H kicked off like a firecracker. "I've waited 20 years for this," he snarled. "Now some f****** marine's cancelled it." There was nothing for it but to slog back to Sussex Mountain. With the gallows humour typical of the paras, me and the lads from the Patrols Platoon started belting out a song: John Lennon's Give Peace A Chance. Suddenly a head popped out of the command HQ tent flap. It was H. He didn't say anything. He just looked at us with an expression that said: "Oh, it's those f****** nutters from Patrols." H loved the Patrols Platoon - fit, aggressive soldiers whose speciality was getting up close to the enemy, acting as the eyes and ears of the regiment He just looked at us like a patient father with some naughty kids and never said a word.
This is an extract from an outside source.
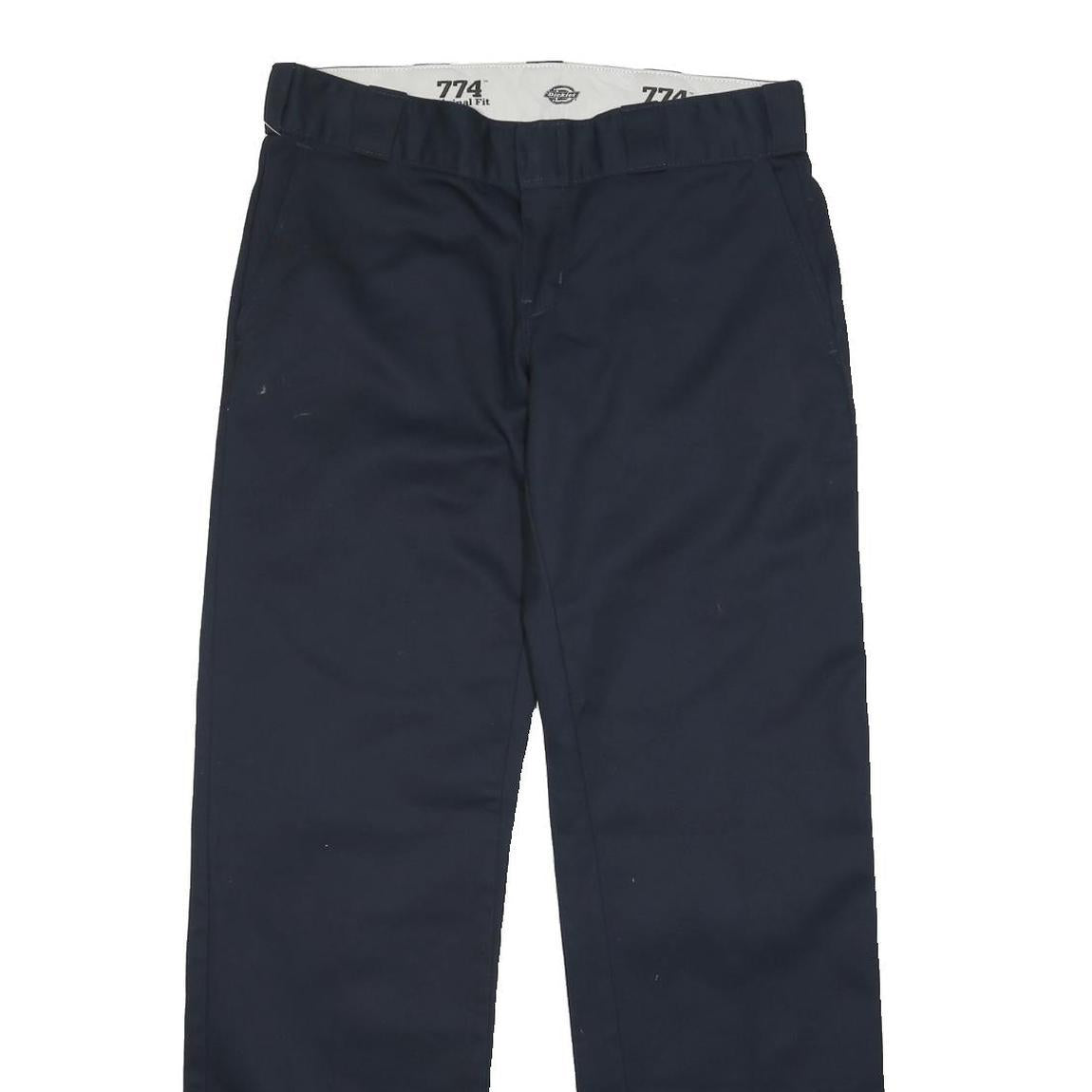 DICKIES Womens Polyester Blend Navy Regular Fit Straight Trousers W32 L32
Four days later, the battle was on for real -but there was more grief for H. On the morning of May 27, we were awaiting orders at Camilla Creek House when suddenly a melee of officers and sergeants appeared among the men. They were in a right flap. "Move out! Move out! Away from these buildings on the double!" one of them yelled. "Grab your kit and f****** get out of here!" It turned out the BBC had announced that we were about to attack Goose Green and, according to some of the men, had even revealed our position at Camilla Creek House. Ironically, it turned out later that the Argy high command thought the bulletins were a double bluff, designed to wrong-foot them. But the BBC announcement was a real jolt for H and left him wondering how much the enemy knew about his intentions. It wasn't his day. The chaos caused by the BBC meant that several officers failed to make a vital briefing meeting. On top of that, the Special Forces recces that he'd been relying on to assess the readiness of the enemy were turning out to be a fairytale, while a Harrier jet had just been lost in a raid that left the enemy unscathed and on full alert. All of which was enough to put any colonel into a spin on the eve of a battle.
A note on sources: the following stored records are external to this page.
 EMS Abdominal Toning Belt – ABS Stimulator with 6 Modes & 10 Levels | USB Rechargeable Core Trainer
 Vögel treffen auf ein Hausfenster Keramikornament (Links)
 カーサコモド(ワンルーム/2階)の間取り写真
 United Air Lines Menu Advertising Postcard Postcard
Nothing travels faster in a battalion than news of the boss's mood and the word was out. H was not a happy man. CLICK, click. Click, click, click. It sounded like sinister insects calling out to each other in the darkness and the hairs on the back of my neck stood on end. For this wasn't insects. It was our lads fixing their bayonets and preparing to advance down the narrow isthmus of land leading to Goose Green. I was thrilled and I'm not ashamed to say it. I was a soldier and the thought of the fight to come gave me a warrior's rush. One or two hands reached out and briefly clasped mine as they slipped by me into the darkness. Somewhere in the gloom a young para puked up with the tension. He got that off his chest and went on to fight like a demon. Things kicked off around 3am when one of the lads from B Company spotted a silhouette in the middle of a field. "It must be a scarecrow," whispered a young officer. A scarecrow? He was on the Falklands, the place was crawling with Argies and he thought he was seeing a scarecrow. "Hands up!" shouted one of the lads. With that, the scarecrow came to life. "Por favor?" he said and reached under his poncho for his weapon. Two rifles and two machine guns opened up on him without a moment's hesitation. Bullets tore through him and tracer rounds ignited his clothing, lighting him up like a Halloween pumpkin. Soon B Company had taken out nearly 20 Argy trenches, tearing through them with machine-guns, grenades and bayonets. It was a good start to their advance but elsewhere H's plans were evaporating as fast as a bottle of port in the officers' mess. We were supposed to be receiving support from HMS Arrow, softening up the enemy positions with bombardments of huge shells at the rate of 30 a minute. This would have shortened the engagement by hours. In the event, Arrow had fired just one shell before her gun jammed. Meanwhile, the Harrier jets we had been promised were fog-bound on their carriers.